Action item:
Using the listing below, set down exactly the lines from the one that contains "VNTG 1998 Blockbuster" through the one that contains "Tyre 3d Low-poly 3D model", with no pictures.

[Opening Data provided section]

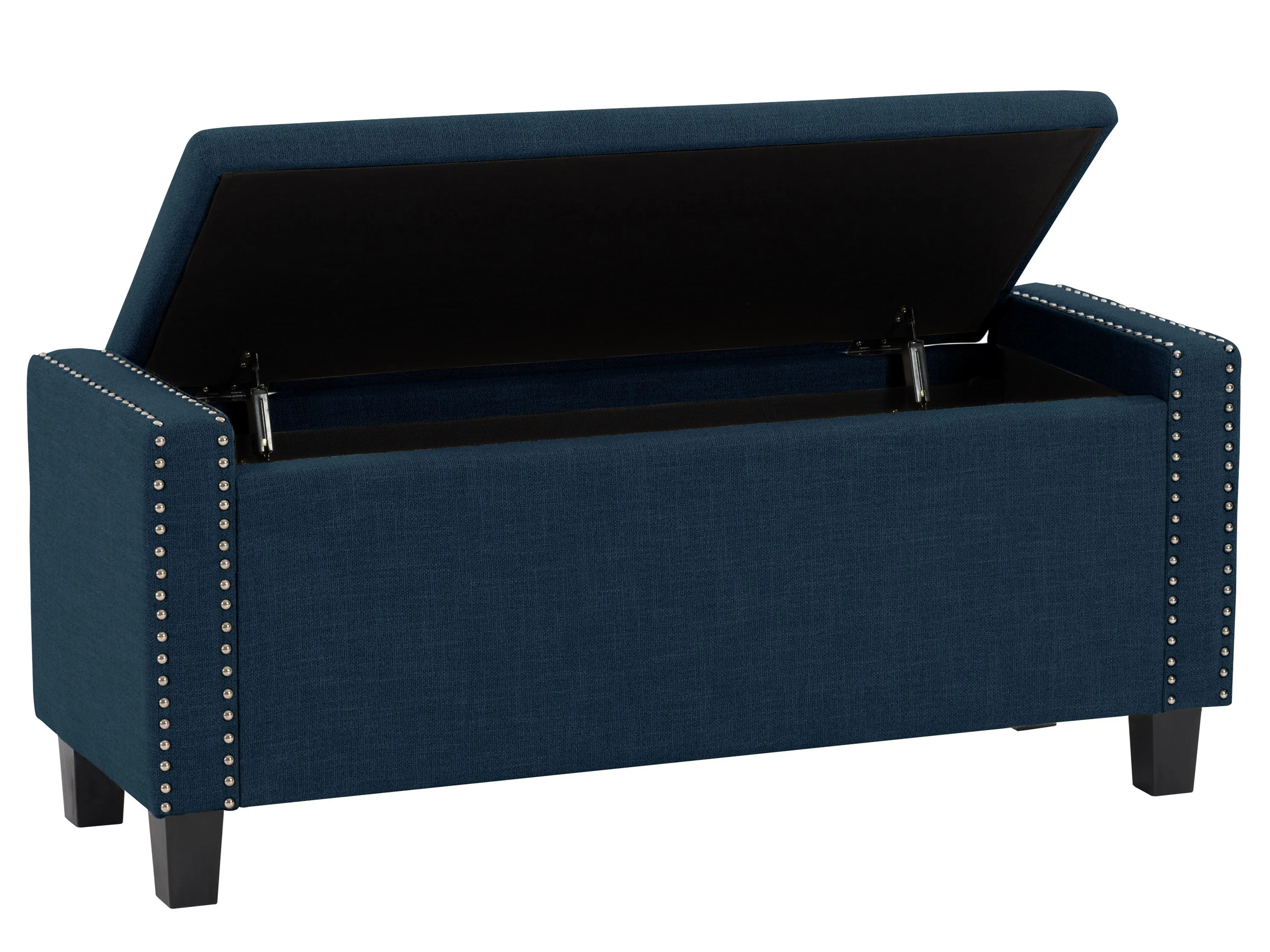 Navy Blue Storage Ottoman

[Closing Data provided section]
[Opening Data provided section]

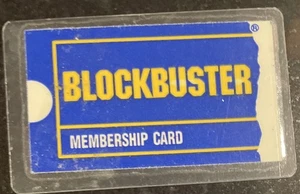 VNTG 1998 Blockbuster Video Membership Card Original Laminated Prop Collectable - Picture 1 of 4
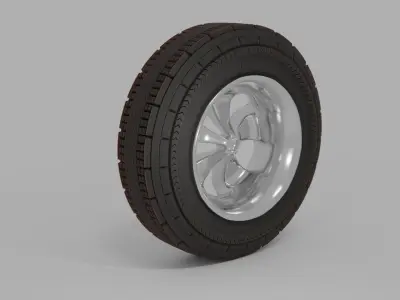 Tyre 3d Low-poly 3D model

[Closing Data provided section]
[Opening Data provided section]

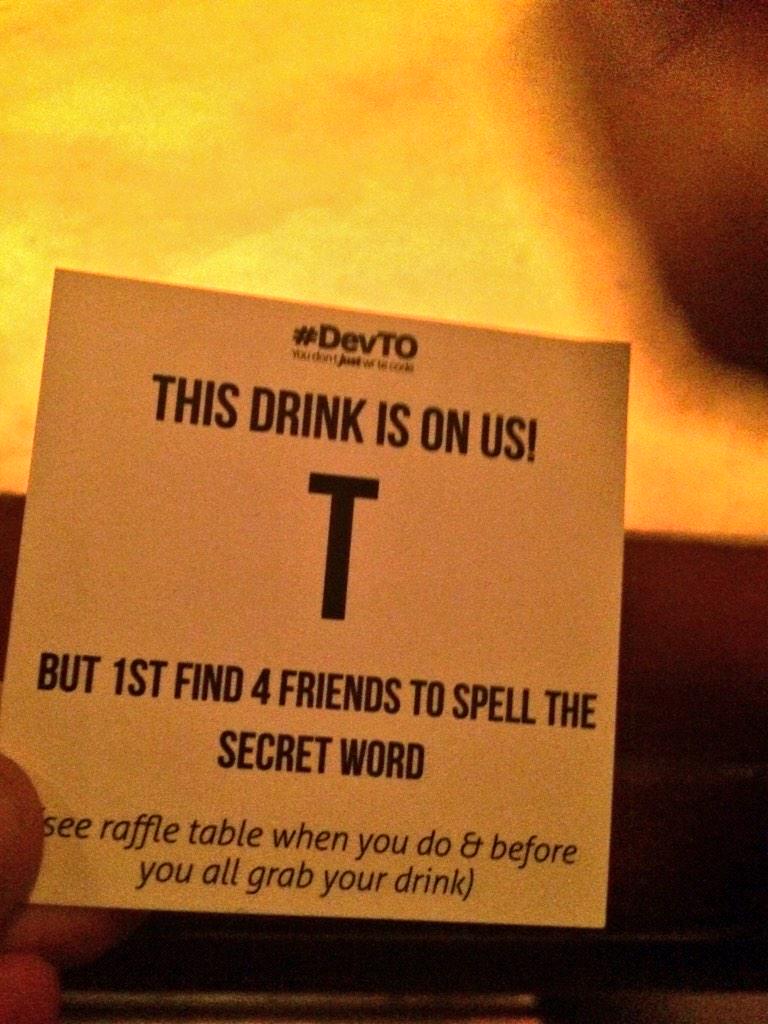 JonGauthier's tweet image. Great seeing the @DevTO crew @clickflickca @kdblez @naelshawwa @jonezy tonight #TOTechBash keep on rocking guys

[Closing Data provided section]

Your response:
 VNTG 1998 Blockbuster Video Membership Card Original Laminated Prop Collectable - Picture 1 of 4
 Tyre 3d Low-poly 3D model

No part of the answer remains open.